Corporate social responsibility

Corporate social responsibility (“CSR” for short, and also called corporate conscience, citizenship, social performance, or sustainable responsible business[1]) is a form of corporate self-regulation integrated into a business model. CSR policy functions as a built-in, self-regulating mechanism whereby business monitors and ensures its active compliance with the spirit of the law, ethical standards, and international norms. The goal of CSR is to embrace responsibility for the company’s actions and encourage a positive impact through its activities on the environment, consumers, employees, communities, stakeholders and all other members of the public sphere. Furthermore, CSR-focused businesses would proactively promote the public interest by encouraging community growth and development, and voluntarily eliminating practices that harm the public sphere, regardless of legality. CSR is the deliberate inclusion of public interest into corporate decision-making, and the honouring of a triple bottom line: people, planet, profit.

 

 

 

http://en.wikipedia.org/wiki/Corporate_social_responsibility

The term “corporate social responsibility” came in to common use in the early 1970s, after many multinational corporations formed. The term stakeholder, meaning those on whom an organization’s activities have an impact, was used to describe corporate owners beyond shareholders as a result of an influential book by R. Edward Freeman, Strategic management: a stakeholder approach in 1984.[2] Proponents argue that corporations make more long term profits by operating with a perspective, while critics argue that CSR distracts from the economic role of businesses. Others argue CSR is merely window-dressing, or an attempt to pre-empt the role of governments as a watchdog over powerful multinational corporations. But a new concept that is fast emerging is that CSR needs to be considered as being something mandatory to the responsibilities of the Corporates, because leaving it purely to voluntary will of the corporates will have extremely dangerous consequences on the environment, ecology and sustainability. [3]
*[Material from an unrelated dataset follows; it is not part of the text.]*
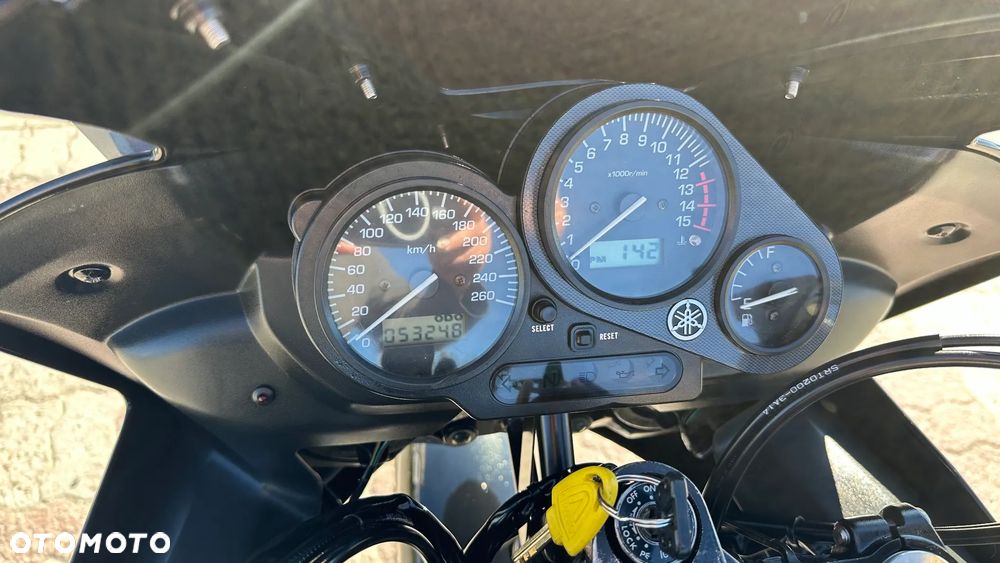 Yamaha FZS - 22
CSR is titled to aid an organization’s mission as well as a guide to what the company stands for and will uphold to its consumers. Development business ethics is one of the forms of applied ethics that examines ethical principles and moral or ethical problems that can arise in a business environment. ISO 26000 is the recognized international standard for CSR (currently a Draft International Standard). Public sector organizations (the United Nations for example) adhere to the triple bottom line (TBL). It is widely accepted that CSR adheres to similar principles but with no formal act of legislation. The UN has developed the Principles for Responsible Investment as guidelines for investing entities.